### Supplied data
──────────────────────────────
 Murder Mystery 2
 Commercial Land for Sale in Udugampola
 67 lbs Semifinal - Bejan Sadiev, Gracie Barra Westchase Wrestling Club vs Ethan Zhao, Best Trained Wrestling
──────────────────────────────
### What the exercise asks
Your task is to retype the complete material exactly as it was given.

### Written solution
 Murder Mystery 2
 Commercial Land for Sale in Udugampola
 67 lbs Semifinal - Bejan Sadiev, Gracie Barra Westchase Wrestling Club vs Ethan Zhao, Best Trained Wrestling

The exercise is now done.